Ultimately, all this could be moot if a good coach like Klutch client, Phil Jackson disciple and Raptors head coach Nick Nurse just really wants to coach the Lakers, and get everything that comes with that. The team’s two stars are still really, really good, and it’s a fair bet that most coaches feel they could get more out of the roster here than Vogel did, even if they won’t say so publicly.
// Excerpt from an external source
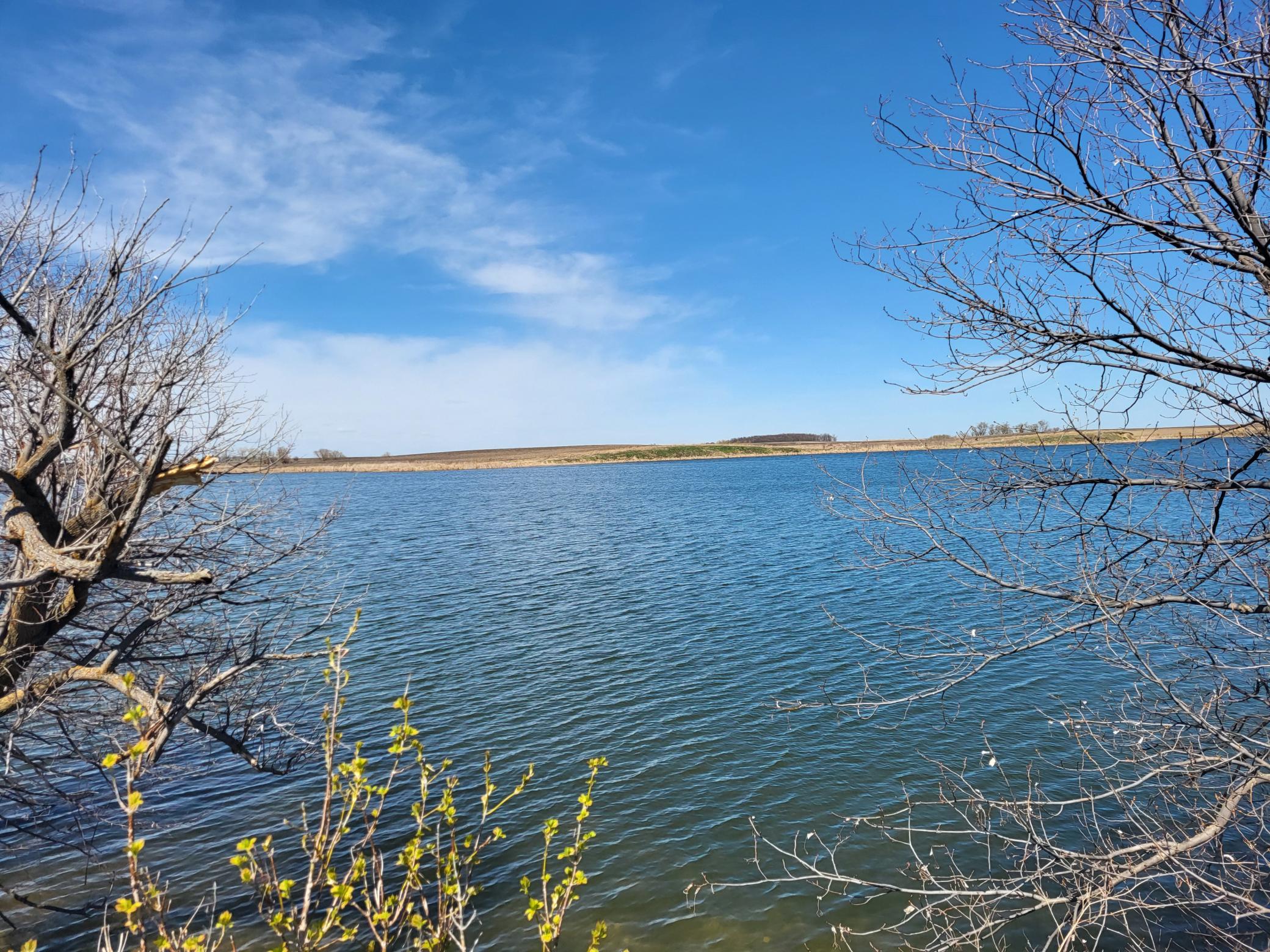Lot 8 Southshores Circle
But if that fantasy scenrio doesn’t happen, the team may be more attractive to multi-time retreads — like Vogel was the last time — who are desperate enough for a job that they’re open to being lowballed and taking input from one of the worst head coaches ever because they wouldn’t be a candidate for the lead chair elsewhere. And if that’s where the Lakers find themselves, they have nothing to blame but their own actions.
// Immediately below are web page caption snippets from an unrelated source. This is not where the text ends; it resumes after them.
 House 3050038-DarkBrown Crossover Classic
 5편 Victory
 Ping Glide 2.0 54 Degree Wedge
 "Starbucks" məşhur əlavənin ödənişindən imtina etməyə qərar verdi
LeBron James really wants people to know how well teams that are not the Lakers are doing at coaching
Speaking of Lakers coaching, in a move that is surely unrelated to the organization whatsoever, LeBron James has spent the last two days tweeting some thoughts on other coaching staffs around the NBA, and how good of a job they’re doing.
First, there was this tweet, fired off as Tyronn Lue — James’ former coach with the Cleveland Cavaliers and an almost-Lakers coach — and his LA Clippers held a lead over the New Orleans Pelicans in their play-in game on Friday night:
Simply the BEST coach in the game! ARGUE with your kids not me. ♂️
— LeBron James (@KingJames) April 16, 2022
Hilariously, that tweet did not end so well for Lue and his team.
Pelicans outscored the Clippers 31-14 after this tweet was sent https://t.co/lJ70sMKeP1
— Sportsnet Stats (@SNstats) April 16, 2022
I mean, at least he didn’t name Lue, so maybe he can claim he was talking about Willie Green.
Then, on Sunday, James teamed up with former teammate and the latest Baby Laker to breakout elsewhere, Kyle Kuzma, to praise the Miami Heat’s admittedly elite player development staff:
Facts! Player Development there is damn good!! https://t.co/sA5uzs7Hro
— LeBron James (@KingJames) April 17, 2022
Look, this shade is all fun and games until James starts tweeting about a great point Mark Jackson made during one of these broadcasts, or how good a job Doc Rivers is doing with the Sixers. At that point we can all go DEFCON-1 and worry that the Lakers have a Shabazz Napier Situation on their hands.
But until then, we can just assume James is just — completely innocently and surely with no ulterior motives whatsoever — giving his former coaches some love.